[Dataset entries]
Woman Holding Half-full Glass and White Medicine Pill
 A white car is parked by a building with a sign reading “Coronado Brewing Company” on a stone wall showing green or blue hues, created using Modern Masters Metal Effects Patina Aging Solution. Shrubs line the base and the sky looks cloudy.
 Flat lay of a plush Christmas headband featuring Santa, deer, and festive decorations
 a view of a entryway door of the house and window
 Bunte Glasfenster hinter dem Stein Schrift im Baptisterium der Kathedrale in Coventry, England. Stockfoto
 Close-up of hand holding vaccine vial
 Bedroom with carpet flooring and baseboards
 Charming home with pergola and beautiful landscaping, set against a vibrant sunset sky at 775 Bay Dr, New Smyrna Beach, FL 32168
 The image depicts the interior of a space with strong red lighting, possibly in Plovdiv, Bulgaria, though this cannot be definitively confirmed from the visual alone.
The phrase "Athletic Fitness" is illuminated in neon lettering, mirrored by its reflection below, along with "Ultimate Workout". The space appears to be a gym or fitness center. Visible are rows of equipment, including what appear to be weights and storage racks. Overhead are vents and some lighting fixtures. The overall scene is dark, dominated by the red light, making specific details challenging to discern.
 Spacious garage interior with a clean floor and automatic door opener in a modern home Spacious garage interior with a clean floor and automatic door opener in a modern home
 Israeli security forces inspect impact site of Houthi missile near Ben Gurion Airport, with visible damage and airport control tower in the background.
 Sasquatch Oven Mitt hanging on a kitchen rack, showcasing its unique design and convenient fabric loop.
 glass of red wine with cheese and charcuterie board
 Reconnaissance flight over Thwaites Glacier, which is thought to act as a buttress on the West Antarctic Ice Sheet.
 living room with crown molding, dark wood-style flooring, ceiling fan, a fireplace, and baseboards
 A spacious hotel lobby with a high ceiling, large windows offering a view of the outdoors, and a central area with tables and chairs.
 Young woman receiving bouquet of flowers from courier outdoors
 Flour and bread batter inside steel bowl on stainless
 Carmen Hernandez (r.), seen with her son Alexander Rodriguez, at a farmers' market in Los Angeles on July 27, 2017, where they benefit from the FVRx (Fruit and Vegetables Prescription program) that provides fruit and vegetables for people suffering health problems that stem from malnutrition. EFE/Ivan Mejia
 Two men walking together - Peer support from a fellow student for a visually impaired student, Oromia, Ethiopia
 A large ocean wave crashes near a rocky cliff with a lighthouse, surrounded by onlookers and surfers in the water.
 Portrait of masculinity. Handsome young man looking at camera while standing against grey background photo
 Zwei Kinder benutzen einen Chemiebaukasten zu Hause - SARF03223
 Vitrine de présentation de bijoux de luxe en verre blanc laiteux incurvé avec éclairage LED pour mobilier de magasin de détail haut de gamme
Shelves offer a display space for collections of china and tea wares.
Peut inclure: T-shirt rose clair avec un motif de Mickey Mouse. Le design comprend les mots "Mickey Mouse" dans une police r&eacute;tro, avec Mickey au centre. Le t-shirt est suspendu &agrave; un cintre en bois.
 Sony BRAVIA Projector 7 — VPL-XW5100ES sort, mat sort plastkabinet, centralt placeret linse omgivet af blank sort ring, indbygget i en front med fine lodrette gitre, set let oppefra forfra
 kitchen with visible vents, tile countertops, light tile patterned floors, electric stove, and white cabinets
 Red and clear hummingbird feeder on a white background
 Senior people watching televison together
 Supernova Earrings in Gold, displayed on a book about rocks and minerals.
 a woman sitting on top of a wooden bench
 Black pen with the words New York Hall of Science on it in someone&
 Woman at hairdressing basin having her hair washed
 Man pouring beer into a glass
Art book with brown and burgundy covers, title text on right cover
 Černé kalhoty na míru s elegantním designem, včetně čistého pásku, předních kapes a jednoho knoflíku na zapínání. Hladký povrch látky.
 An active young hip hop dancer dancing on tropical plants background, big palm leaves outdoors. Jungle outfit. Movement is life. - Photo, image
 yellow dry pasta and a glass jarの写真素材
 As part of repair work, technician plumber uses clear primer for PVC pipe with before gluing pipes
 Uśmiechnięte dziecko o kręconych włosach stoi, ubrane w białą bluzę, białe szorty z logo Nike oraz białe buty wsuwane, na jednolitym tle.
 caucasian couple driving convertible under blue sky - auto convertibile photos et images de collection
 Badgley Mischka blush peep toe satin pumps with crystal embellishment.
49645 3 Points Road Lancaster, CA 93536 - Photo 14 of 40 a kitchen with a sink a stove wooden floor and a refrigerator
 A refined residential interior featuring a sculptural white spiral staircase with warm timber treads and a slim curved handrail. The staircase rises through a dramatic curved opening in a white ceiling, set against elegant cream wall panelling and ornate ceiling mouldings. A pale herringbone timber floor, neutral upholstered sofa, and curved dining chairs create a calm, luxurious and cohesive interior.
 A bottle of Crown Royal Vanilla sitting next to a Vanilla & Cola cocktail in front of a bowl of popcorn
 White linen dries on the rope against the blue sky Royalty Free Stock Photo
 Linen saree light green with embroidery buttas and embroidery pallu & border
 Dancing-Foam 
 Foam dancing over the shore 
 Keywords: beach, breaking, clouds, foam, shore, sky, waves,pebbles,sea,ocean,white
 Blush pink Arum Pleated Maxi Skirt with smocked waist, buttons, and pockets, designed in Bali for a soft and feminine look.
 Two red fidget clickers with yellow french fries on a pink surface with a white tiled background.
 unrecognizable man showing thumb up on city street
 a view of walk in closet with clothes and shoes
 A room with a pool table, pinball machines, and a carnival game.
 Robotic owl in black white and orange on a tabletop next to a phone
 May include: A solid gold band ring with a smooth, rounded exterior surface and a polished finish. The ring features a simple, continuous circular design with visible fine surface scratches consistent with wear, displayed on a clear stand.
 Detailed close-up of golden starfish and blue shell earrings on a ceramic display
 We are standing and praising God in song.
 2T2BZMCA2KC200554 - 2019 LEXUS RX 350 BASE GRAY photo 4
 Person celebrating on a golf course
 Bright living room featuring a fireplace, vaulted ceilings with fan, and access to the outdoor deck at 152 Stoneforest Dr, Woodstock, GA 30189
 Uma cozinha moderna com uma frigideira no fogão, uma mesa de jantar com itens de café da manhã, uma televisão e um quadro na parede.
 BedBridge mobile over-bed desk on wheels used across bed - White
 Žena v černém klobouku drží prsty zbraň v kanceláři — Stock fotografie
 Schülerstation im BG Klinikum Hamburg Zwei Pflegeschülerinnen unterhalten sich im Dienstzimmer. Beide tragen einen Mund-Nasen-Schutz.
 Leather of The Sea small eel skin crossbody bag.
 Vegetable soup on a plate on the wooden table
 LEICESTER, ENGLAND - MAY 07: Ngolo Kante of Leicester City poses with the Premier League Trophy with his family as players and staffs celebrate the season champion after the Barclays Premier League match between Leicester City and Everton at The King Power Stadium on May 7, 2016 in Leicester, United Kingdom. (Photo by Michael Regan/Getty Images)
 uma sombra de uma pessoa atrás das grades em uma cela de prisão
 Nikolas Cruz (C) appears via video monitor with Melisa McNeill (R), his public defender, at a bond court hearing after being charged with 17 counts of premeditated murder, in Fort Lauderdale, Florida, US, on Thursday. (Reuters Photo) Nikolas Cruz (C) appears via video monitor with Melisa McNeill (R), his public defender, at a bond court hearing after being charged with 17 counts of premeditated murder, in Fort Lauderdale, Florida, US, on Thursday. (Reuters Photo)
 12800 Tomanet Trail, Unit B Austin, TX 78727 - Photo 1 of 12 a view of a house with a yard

* _What is required_
Could you reproduce exactly the lines of the entries above, from the one with "Woman at hairdressing" through the one with "Černé kalhoty na", and nothing else?

* _The completed task_
 Woman at hairdressing basin having her hair washed
 Man pouring beer into a glass
Art book with brown and burgundy covers, title text on right cover
 Černé kalhoty na míru s elegantním designem, včetně čistého pásku, předních kapes a jednoho knoflíku na zapínání. Hladký povrch látky.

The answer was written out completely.